Ban looked at Regan. “I hated him. But he was safe, and living, my spell waiting for your deployment. Then you reminded me. This was all the fault of our fathers: they have always been the cause of our misery. So they are dead now, mine and yours, both. We are free of them! We are beholden only to ourselves, no cursed stars.”
Regan stared at him, breath shallow, the gleam of awe sparking deep in her eyes.
“Ban Errigal, are you certain?” Gaela demanded. Her dinner knife was clutched in her fist. “My father is dead? You killed him, truly? You robbed me, so easily, of my vengeance?”
“Listen to the island,” Ban replied, trembling but sure. “Listen to this angry wind that has blown four long days and nights—since he died—and hear that it says nothing. If you can. Or ask your sister, and she will confirm. The island is silent even as it screams. There must be a king of Innis Lear. It longs for a head beneath a crown. It must have a ruler. Without a king, Innis Lear will die, or wilt, or—or the rootwaters will go dry, and the island will crumble into the sea if one of you does not take the crown now. Much faster than it has been doing, even under the fatal stewardship of that old, wretched fool.”

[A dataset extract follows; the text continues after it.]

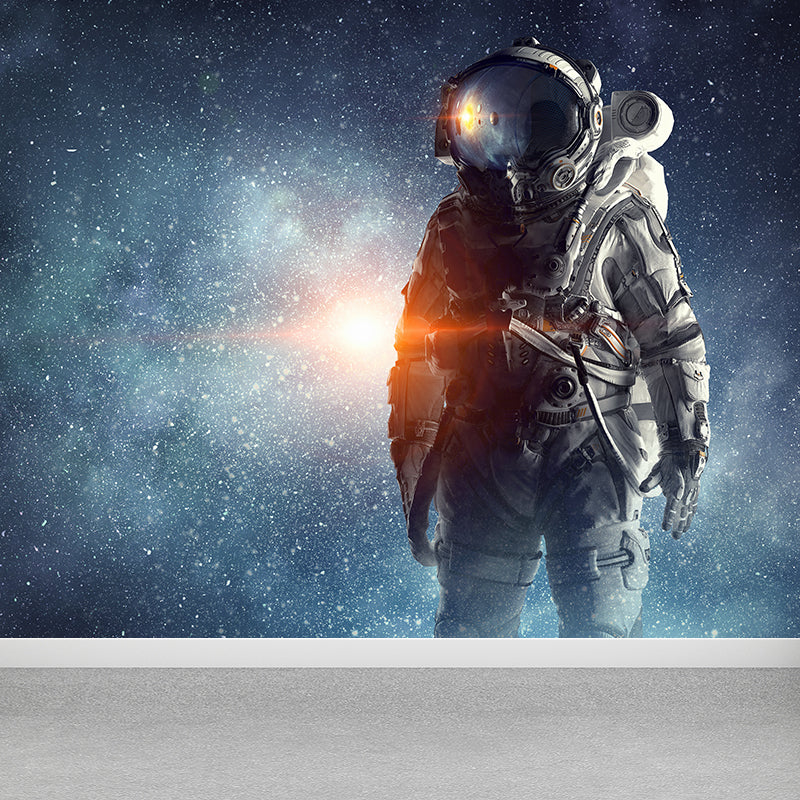 Avelena | Riesiges Astronauten-Print-Mural für Das Schlafzimmer Universum Wandkunst In Blau, Fleckenresistent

Gaela’s lips parted eagerly.
“The rootwaters,” Regan murmured, drifting toward the window. “They’ll accept me.”
“You?” Gaela stalked after her, took her arm harshly, and spun her sister around. “Me. I will be king.”
“Connley is dead,” Regan insisted, as if it meant anything. Would prove something.
“No, you are Connley! And I am Astore. We are Innis Lear, sister, as has always been our intention. No stars. We will make our own meaning. Let us go now to the throne room and declare it so!” Gaela laughed.
Ban shook his head, knowing in his gut what he said was true: “The rootwaters must accept you. The island. Not the people. Whatever ritual is done on the Longest Night, that is what you must do to win the crown. Then the people will follow, only after that. Even Elia will agree to support your claim, if the island accepts you.”
Regan nodded slowly. “Yes. Yes, Gaela. Let us go together. Now. To the rootwaters of the Tarinnish. By morning we will be the queens of Innis Lear and nothing will stop us.” She picked up her cup and drank all its wine, lifting her chin to reveal her tender, vulnerable throat. When she finished, the redness clung to her lips like blood.
Gaela lifted her cup in salute, and smiled.
Ban the Fox did not smile, because outside the wind blew voicelessly still.
ELIA
THROUGH THE COLD night came a summons:
Elia of Lear.
Elia.
She’d been dreaming of something, but it was gone now, leaving only flowery vestiges in her memory.
Elia sat up in the small bed, awake.
Silence—but for the wordless wind and the crackle of straw as her own body settled.
Elia.
It was the trees.
Leaping to her feet, Elia grabbed her boots and shoved them on. Fumbling for her overdress, she was glad it laced up the sides instead of the back; Aefa stayed every night with her parents, and couldn’t have helped tie anything tonight. The days had grown colder, so Elia grabbed the wool blanket from the bed and wrapped it over her shoulders before stepping outside.